GOAL OF THE EXERCISE: Give the data again in full, exactly as written below.

***** PROVIDED DATA *****

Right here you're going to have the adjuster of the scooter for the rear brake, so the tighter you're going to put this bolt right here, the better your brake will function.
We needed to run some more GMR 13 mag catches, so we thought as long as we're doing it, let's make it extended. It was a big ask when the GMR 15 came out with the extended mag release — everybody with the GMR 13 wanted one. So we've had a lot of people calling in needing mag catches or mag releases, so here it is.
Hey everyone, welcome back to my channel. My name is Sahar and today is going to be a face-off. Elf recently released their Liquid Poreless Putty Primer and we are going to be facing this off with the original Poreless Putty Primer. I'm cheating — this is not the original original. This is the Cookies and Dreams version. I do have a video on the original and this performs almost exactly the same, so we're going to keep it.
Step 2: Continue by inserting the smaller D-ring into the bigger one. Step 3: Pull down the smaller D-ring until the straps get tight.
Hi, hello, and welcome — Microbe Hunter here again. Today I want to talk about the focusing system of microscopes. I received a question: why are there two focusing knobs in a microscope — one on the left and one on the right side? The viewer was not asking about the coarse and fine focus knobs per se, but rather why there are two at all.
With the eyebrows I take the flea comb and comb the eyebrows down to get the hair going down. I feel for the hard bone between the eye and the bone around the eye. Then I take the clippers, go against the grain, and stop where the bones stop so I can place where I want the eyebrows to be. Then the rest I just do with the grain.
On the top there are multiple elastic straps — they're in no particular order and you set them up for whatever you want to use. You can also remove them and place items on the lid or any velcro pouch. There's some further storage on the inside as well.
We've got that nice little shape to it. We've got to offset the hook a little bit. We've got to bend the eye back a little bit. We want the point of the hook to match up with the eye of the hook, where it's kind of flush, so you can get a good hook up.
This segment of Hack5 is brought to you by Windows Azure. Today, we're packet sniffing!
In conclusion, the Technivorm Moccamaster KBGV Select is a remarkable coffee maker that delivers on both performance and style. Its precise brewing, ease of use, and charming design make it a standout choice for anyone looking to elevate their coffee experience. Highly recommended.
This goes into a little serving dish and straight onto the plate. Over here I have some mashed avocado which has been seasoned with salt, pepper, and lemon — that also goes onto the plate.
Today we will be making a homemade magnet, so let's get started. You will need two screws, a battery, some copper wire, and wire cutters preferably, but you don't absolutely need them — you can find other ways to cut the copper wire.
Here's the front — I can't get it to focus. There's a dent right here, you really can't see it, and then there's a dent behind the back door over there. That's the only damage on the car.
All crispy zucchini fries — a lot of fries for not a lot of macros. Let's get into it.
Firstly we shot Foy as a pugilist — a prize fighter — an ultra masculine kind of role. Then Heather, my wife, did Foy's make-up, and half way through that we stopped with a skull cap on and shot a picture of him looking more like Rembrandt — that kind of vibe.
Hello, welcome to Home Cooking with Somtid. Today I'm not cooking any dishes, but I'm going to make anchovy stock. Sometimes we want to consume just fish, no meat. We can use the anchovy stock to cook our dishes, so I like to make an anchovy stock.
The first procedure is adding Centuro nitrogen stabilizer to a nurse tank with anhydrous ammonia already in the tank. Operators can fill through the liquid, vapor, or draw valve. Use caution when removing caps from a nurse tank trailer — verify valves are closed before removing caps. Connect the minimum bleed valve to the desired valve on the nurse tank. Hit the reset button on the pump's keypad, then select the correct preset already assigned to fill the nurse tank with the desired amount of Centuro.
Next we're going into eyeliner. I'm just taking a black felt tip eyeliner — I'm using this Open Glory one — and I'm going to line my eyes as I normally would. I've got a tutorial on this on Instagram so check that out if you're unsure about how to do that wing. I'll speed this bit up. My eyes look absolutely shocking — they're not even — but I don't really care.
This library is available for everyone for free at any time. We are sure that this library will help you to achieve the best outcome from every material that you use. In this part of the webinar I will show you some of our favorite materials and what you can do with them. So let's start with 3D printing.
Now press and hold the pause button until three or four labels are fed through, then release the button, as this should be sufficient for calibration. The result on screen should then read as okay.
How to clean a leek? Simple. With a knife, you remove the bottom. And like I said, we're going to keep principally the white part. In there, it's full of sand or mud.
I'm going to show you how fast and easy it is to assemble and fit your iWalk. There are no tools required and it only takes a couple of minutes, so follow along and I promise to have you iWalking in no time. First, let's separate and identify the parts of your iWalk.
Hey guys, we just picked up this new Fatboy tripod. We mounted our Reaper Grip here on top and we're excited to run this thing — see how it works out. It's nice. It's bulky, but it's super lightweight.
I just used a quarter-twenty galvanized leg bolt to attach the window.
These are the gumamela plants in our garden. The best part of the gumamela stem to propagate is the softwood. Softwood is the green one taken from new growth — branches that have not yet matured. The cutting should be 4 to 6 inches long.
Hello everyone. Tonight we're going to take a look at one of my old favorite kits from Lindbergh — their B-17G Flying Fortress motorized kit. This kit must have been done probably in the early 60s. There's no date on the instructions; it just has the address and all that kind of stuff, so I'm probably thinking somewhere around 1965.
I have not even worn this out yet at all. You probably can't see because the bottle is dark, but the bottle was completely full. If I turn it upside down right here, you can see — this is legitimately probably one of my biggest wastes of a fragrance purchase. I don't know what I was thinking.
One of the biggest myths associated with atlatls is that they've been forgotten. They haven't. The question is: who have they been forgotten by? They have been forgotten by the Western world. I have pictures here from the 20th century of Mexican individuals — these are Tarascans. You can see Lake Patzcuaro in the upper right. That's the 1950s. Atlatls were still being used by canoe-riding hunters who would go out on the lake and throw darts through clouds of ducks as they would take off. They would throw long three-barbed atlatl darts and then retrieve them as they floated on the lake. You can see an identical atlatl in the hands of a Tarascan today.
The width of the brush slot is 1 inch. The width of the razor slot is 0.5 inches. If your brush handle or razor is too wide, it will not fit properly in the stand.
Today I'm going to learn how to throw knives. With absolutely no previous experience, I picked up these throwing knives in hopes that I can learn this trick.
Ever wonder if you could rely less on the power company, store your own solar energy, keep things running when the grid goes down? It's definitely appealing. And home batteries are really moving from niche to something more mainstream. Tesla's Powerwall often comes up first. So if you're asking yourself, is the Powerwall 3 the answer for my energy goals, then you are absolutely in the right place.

*****

THE ANSWER:
Right here you're going to have the adjuster of the scooter for the rear brake, so the tighter you're going to put this bolt right here, the better your brake will function.
We needed to run some more GMR 13 mag catches, so we thought as long as we're doing it, let's make it extended. It was a big ask when the GMR 15 came out with the extended mag release — everybody with the GMR 13 wanted one. So we've had a lot of people calling in needing mag catches or mag releases, so here it is.
Hey everyone, welcome back to my channel. My name is Sahar and today is going to be a face-off. Elf recently released their Liquid Poreless Putty Primer and we are going to be facing this off with the original Poreless Putty Primer. I'm cheating — this is not the original original. This is the Cookies and Dreams version. I do have a video on the original and this performs almost exactly the same, so we're going to keep it.
Step 2: Continue by inserting the smaller D-ring into the bigger one. Step 3: Pull down the smaller D-ring until the straps get tight.
Hi, hello, and welcome — Microbe Hunter here again. Today I want to talk about the focusing system of microscopes. I received a question: why are there two focusing knobs in a microscope — one on the left and one on the right side? The viewer was not asking about the coarse and fine focus knobs per se, but rather why there are two at all.
With the eyebrows I take the flea comb and comb the eyebrows down to get the hair going down. I feel for the hard bone between the eye and the bone around the eye. Then I take the clippers, go against the grain, and stop where the bones stop so I can place where I want the eyebrows to be. Then the rest I just do with the grain.
On the top there are multiple elastic straps — they're in no particular order and you set them up for whatever you want to use. You can also remove them and place items on the lid or any velcro pouch. There's some further storage on the inside as well.
We've got that nice little shape to it. We've got to offset the hook a little bit. We've got to bend the eye back a little bit. We want the point of the hook to match up with the eye of the hook, where it's kind of flush, so you can get a good hook up.
This segment of Hack5 is brought to you by Windows Azure. Today, we're packet sniffing!
In conclusion, the Technivorm Moccamaster KBGV Select is a remarkable coffee maker that delivers on both performance and style. Its precise brewing, ease of use, and charming design make it a standout choice for anyone looking to elevate their coffee experience. Highly recommended.
This goes into a little serving dish and straight onto the plate. Over here I have some mashed avocado which has been seasoned with salt, pepper, and lemon — that also goes onto the plate.
Today we will be making a homemade magnet, so let's get started. You will need two screws, a battery, some copper wire, and wire cutters preferably, but you don't absolutely need them — you can find other ways to cut the copper wire.
Here's the front — I can't get it to focus. There's a dent right here, you really can't see it, and then there's a dent behind the back door over there. That's the only damage on the car.
All crispy zucchini fries — a lot of fries for not a lot of macros. Let's get into it.
Firstly we shot Foy as a pugilist — a prize fighter — an ultra masculine kind of role. Then Heather, my wife, did Foy's make-up, and half way through that we stopped with a skull cap on and shot a picture of him looking more like Rembrandt — that kind of vibe.
Hello, welcome to Home Cooking with Somtid. Today I'm not cooking any dishes, but I'm going to make anchovy stock. Sometimes we want to consume just fish, no meat. We can use the anchovy stock to cook our dishes, so I like to make an anchovy stock.
The first procedure is adding Centuro nitrogen stabilizer to a nurse tank with anhydrous ammonia already in the tank. Operators can fill through the liquid, vapor, or draw valve. Use caution when removing caps from a nurse tank trailer — verify valves are closed before removing caps. Connect the minimum bleed valve to the desired valve on the nurse tank. Hit the reset button on the pump's keypad, then select the correct preset already assigned to fill the nurse tank with the desired amount of Centuro.
Next we're going into eyeliner. I'm just taking a black felt tip eyeliner — I'm using this Open Glory one — and I'm going to line my eyes as I normally would. I've got a tutorial on this on Instagram so check that out if you're unsure about how to do that wing. I'll speed this bit up. My eyes look absolutely shocking — they're not even — but I don't really care.
This library is available for everyone for free at any time. We are sure that this library will help you to achieve the best outcome from every material that you use. In this part of the webinar I will show you some of our favorite materials and what you can do with them. So let's start with 3D printing.
Now press and hold the pause button until three or four labels are fed through, then release the button, as this should be sufficient for calibration. The result on screen should then read as okay.
How to clean a leek? Simple. With a knife, you remove the bottom. And like I said, we're going to keep principally the white part. In there, it's full of sand or mud.
I'm going to show you how fast and easy it is to assemble and fit your iWalk. There are no tools required and it only takes a couple of minutes, so follow along and I promise to have you iWalking in no time. First, let's separate and identify the parts of your iWalk.
Hey guys, we just picked up this new Fatboy tripod. We mounted our Reaper Grip here on top and we're excited to run this thing — see how it works out. It's nice. It's bulky, but it's super lightweight.
I just used a quarter-twenty galvanized leg bolt to attach the window.
These are the gumamela plants in our garden. The best part of the gumamela stem to propagate is the softwood. Softwood is the green one taken from new growth — branches that have not yet matured. The cutting should be 4 to 6 inches long.
Hello everyone. Tonight we're going to take a look at one of my old favorite kits from Lindbergh — their B-17G Flying Fortress motorized kit. This kit must have been done probably in the early 60s. There's no date on the instructions; it just has the address and all that kind of stuff, so I'm probably thinking somewhere around 1965.
I have not even worn this out yet at all. You probably can't see because the bottle is dark, but the bottle was completely full. If I turn it upside down right here, you can see — this is legitimately probably one of my biggest wastes of a fragrance purchase. I don't know what I was thinking.
One of the biggest myths associated with atlatls is that they've been forgotten. They haven't. The question is: who have they been forgotten by? They have been forgotten by the Western world. I have pictures here from the 20th century of Mexican individuals — these are Tarascans. You can see Lake Patzcuaro in the upper right. That's the 1950s. Atlatls were still being used by canoe-riding hunters who would go out on the lake and throw darts through clouds of ducks as they would take off. They would throw long three-barbed atlatl darts and then retrieve them as they floated on the lake. You can see an identical atlatl in the hands of a Tarascan today.
The width of the brush slot is 1 inch. The width of the razor slot is 0.5 inches. If your brush handle or razor is too wide, it will not fit properly in the stand.
Today I'm going to learn how to throw knives. With absolutely no previous experience, I picked up these throwing knives in hopes that I can learn this trick.
Ever wonder if you could rely less on the power company, store your own solar energy, keep things running when the grid goes down? It's definitely appealing. And home batteries are really moving from niche to something more mainstream. Tesla's Powerwall often comes up first. So if you're asking yourself, is the Powerwall 3 the answer for my energy goals, then you are absolutely in the right place.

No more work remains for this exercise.